:: The records ::

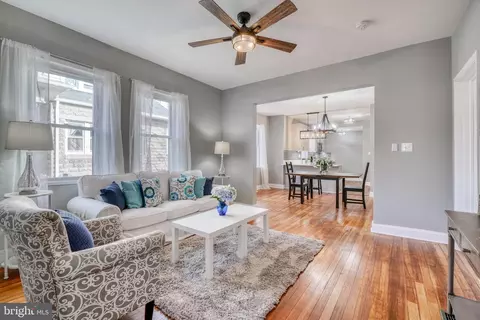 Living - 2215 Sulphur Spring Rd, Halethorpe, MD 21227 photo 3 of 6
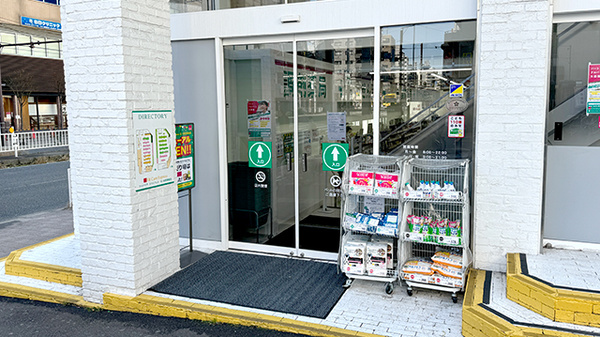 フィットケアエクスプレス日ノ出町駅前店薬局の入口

:::
:: The records ::

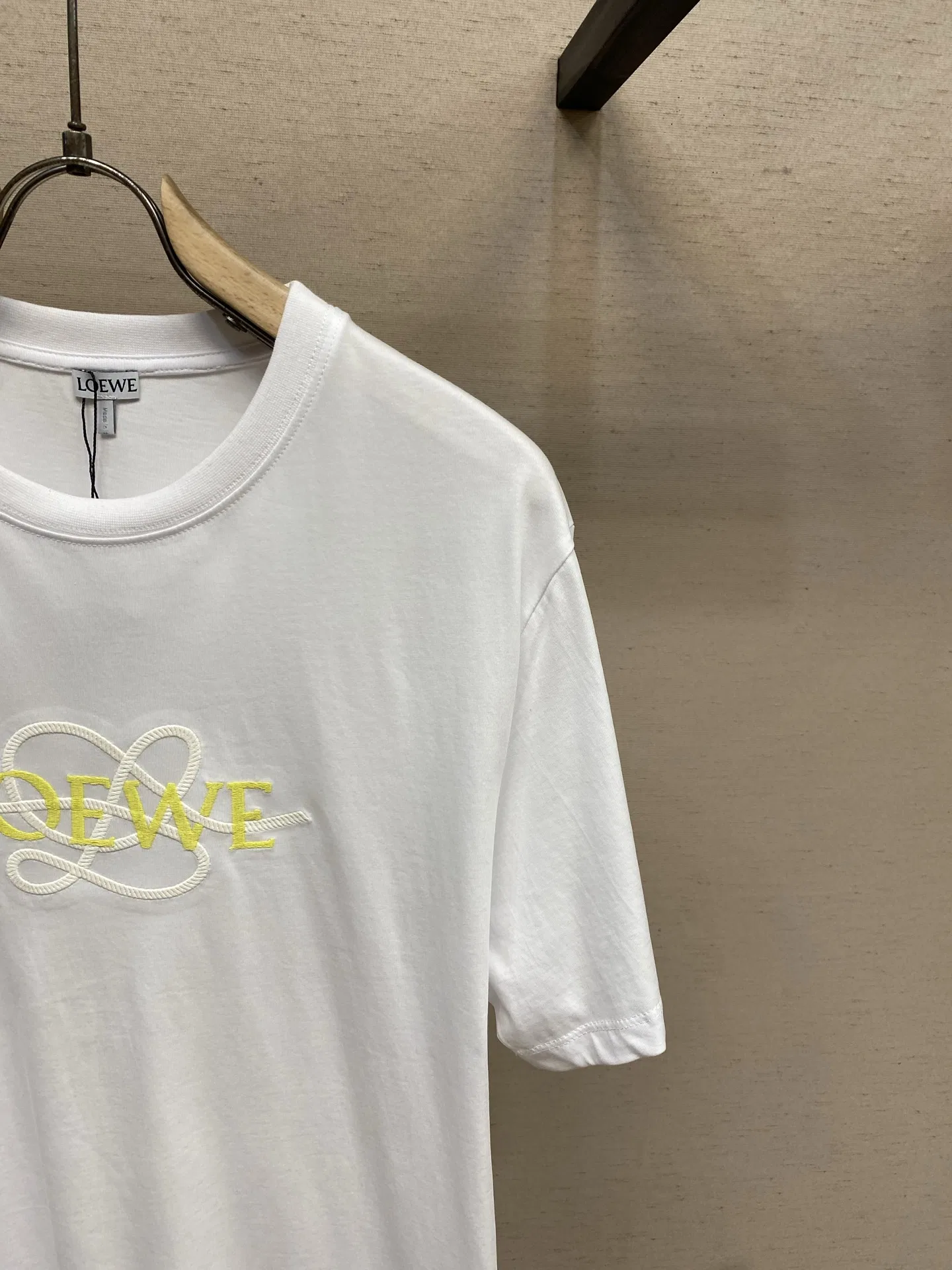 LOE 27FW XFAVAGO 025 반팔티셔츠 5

:::
:: The records ::

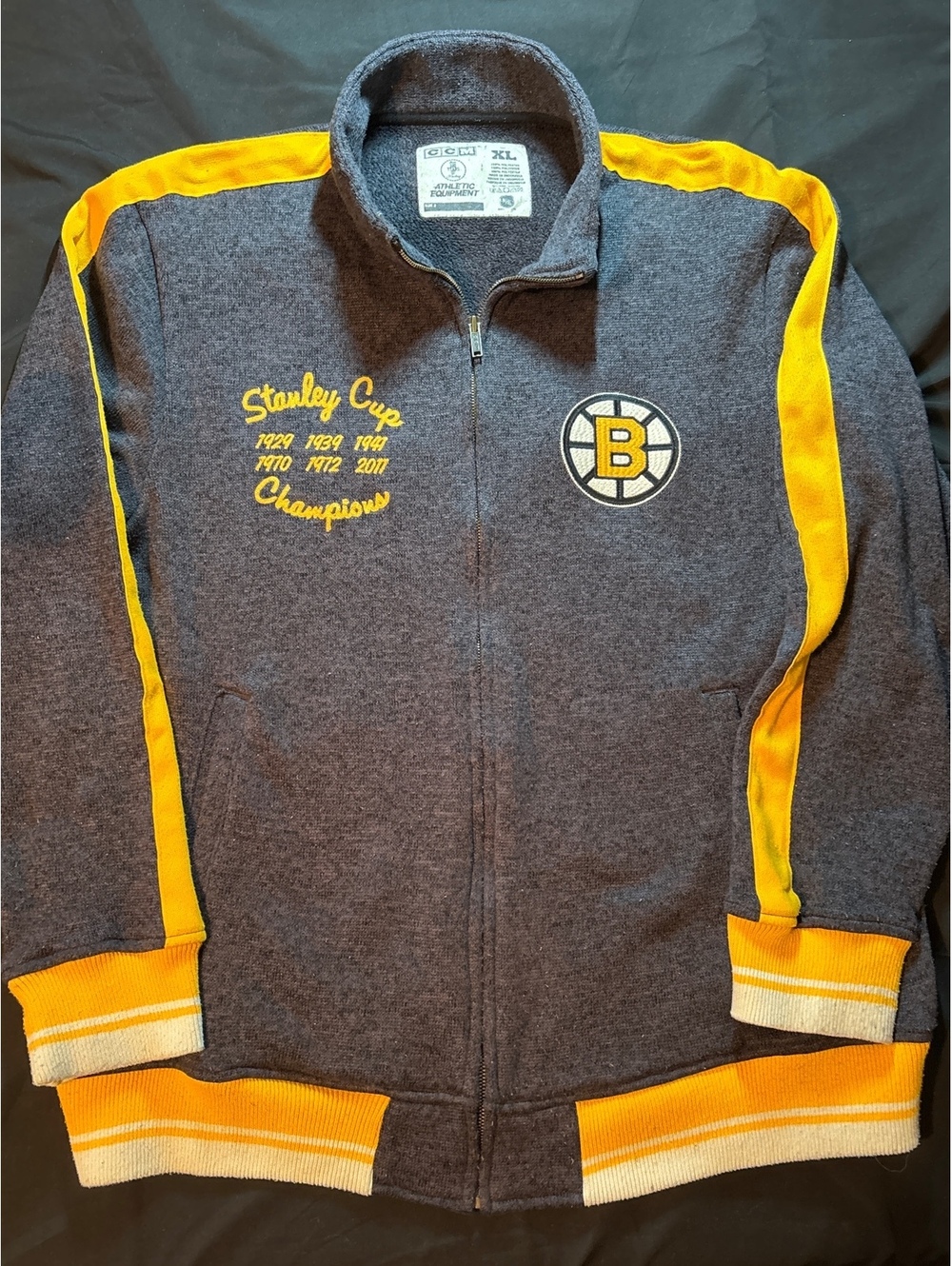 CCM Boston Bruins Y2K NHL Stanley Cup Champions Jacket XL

:::

*Requirement*
What's needed is an exact copy of the lines above from the one with "Living - 2215" through the one with "フィットケアエクスプレス日ノ出町駅前店薬局の入口", both included; the pictures stay out.

*Response area*
 Living - 2215 Sulphur Spring Rd, Halethorpe, MD 21227 photo 3 of 6
 フィットケアエクスプレス日ノ出町駅前店薬局の入口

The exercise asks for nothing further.